Hierarchical Style-based Networks for Motion Synthesis

Jingwei Xu1 Huazhe Xu2 Bingbing Ni1 Xiaokang Yang1 Xiaolong Wang3 Trevor Darrell2

Shanghai Jiao Tong University1 UC Berkeley2 UC San Diego3

[Paper] [Code]


Generating diverse and natural human motion is one of the long-standing goals for creating intelligent characters in the animated world. In this paper, we propose a self-supervised method for generating long-range, diverse and plausible behaviors to achieve a specific goal location. Our proposed method learns to model the motion of human by decomposing a long-range generation task in a hierarchical manner. Given the starting and ending states, a memory bank is used to retrieve motion references as source material for short-range clip generation. We first propose to explicitly disentangle the provided motion material into style and content counterparts via bi-linear transformation modelling, where diverse synthesis is achieved by free-form combination of these two components. The short-range clips are then connected to form a long-range motion sequence. Without ground truth annotation, we propose a parameterized bi-directional interpolation scheme to guarantee the physical validity and visual naturalness of generated results. On large-scale skeleton dataset, we show that the proposed method is able to synthesise long-range, diverse and plausible motion, which is also generalizable to unseen motion data during testing. Moreover, we demonstrate the generated sequences are useful as subgoals for actual physical execution in the animated world.
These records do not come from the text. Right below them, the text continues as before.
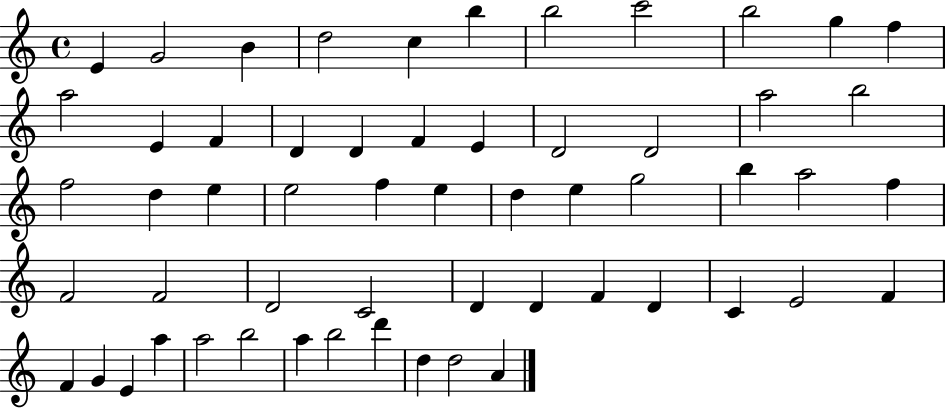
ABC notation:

X:1
T:Untitled
M:4/4
L:1/4
K:C
E G2 B d2 c b b2 c'2 b2 g f a2 E F D D F E D2 D2 a2 b2 f2 d e e2 f e d e g2 b a2 f F2 F2 D2 C2 D D F D C E2 F F G E a a2 b2 a b2 d' d d2 A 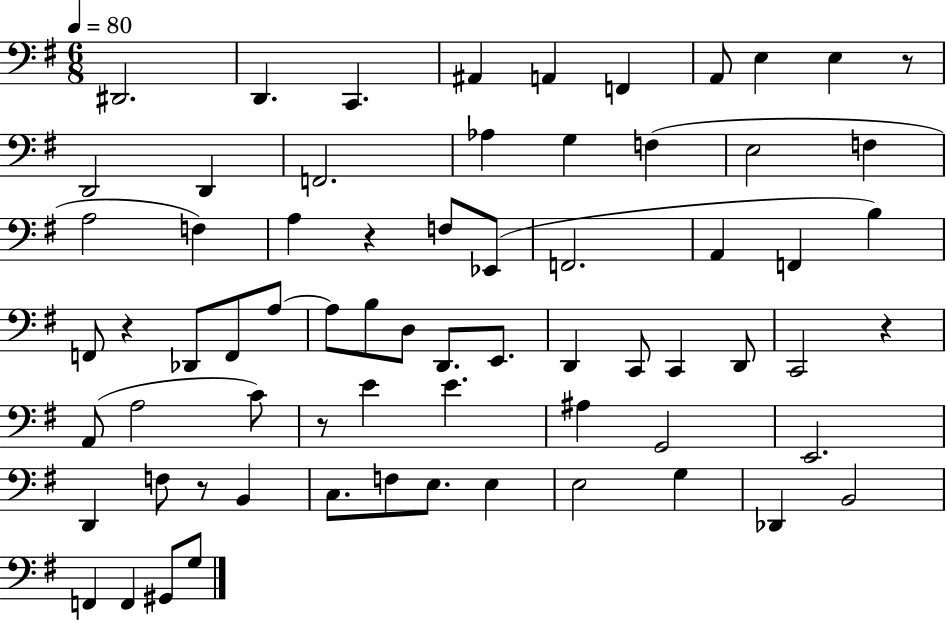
{
  \clef bass
  \numericTimeSignature
  \time 6/8
  \key g \major
  \tempo 4 = 80
  \repeat volta 2 { dis,2. | d,4. c,4. | ais,4 a,4 f,4 | a,8 e4 e4 r8 | \break d,2 d,4 | f,2. | aes4 g4 f4( | e2 f4 | \break a2 f4) | a4 r4 f8 ees,8( | f,2. | a,4 f,4 b4) | \break f,8 r4 des,8 f,8 a8~~ | a8 b8 d8 d,8. e,8. | d,4 c,8 c,4 d,8 | c,2 r4 | \break a,8( a2 c'8) | r8 e'4 e'4. | ais4 g,2 | e,2. | \break d,4 f8 r8 b,4 | c8. f8 e8. e4 | e2 g4 | des,4 b,2 | \break f,4 f,4 gis,8 g8 | } \bar "|."
} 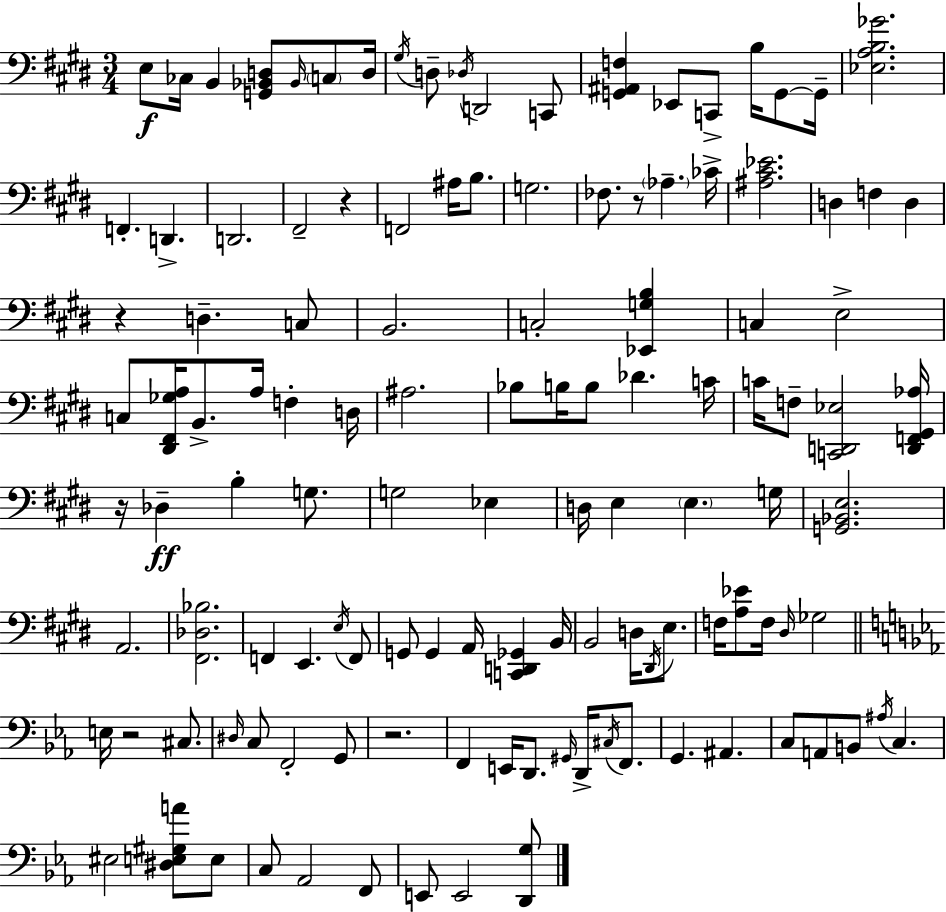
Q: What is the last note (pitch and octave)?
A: E2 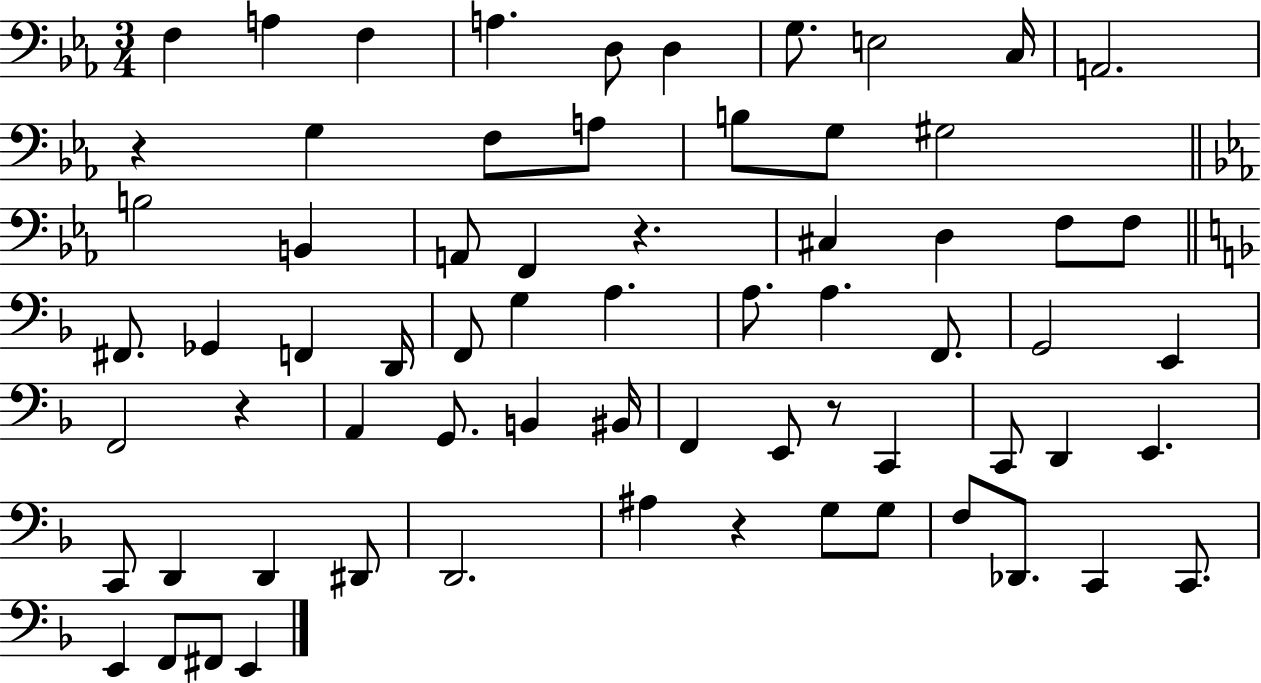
X:1
T:Untitled
M:3/4
L:1/4
K:Eb
F, A, F, A, D,/2 D, G,/2 E,2 C,/4 A,,2 z G, F,/2 A,/2 B,/2 G,/2 ^G,2 B,2 B,, A,,/2 F,, z ^C, D, F,/2 F,/2 ^F,,/2 _G,, F,, D,,/4 F,,/2 G, A, A,/2 A, F,,/2 G,,2 E,, F,,2 z A,, G,,/2 B,, ^B,,/4 F,, E,,/2 z/2 C,, C,,/2 D,, E,, C,,/2 D,, D,, ^D,,/2 D,,2 ^A, z G,/2 G,/2 F,/2 _D,,/2 C,, C,,/2 E,, F,,/2 ^F,,/2 E,,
Hierarchical style-based motion synthesis framework. (a) Reference Motion Search: Given starting and ending states, we search for reference subsequences in the training dataset for generation; (b) Short-range Motion Generation: given each reference subsequence, we generate a novel subsequence with motion style transfer; (c) Long-range Motion Generation: all synthesized subsequences are connected together in time with bi-directional modelling.

Synthesis Results

Final results: For each gif, we present three synthesized motion sequences, which are conditioned on the same starting and ending states. Facilitated by the proposed hierarchical, we are able to synthesize long-range, diverse and visually natural motion sequences.

Connecting short-range clips via motion interpolation. For each gif, we present three interpolation results under different configurations, i.e., transition with (a) right turn, (b) sharp turn, (c) mild turn and (d) straight move. Our model is able to synthesize visually natural transition sequences under all presented configurations.

(a) transition with right turn

(b) transition with sharp turn

(c) transition with mild turn

(d) transition with straight move

Short-range clip synthesis via motion style transfer: For each gif, left sequence refers to style; right sequence refers to content; mid sequence refers to composed motion.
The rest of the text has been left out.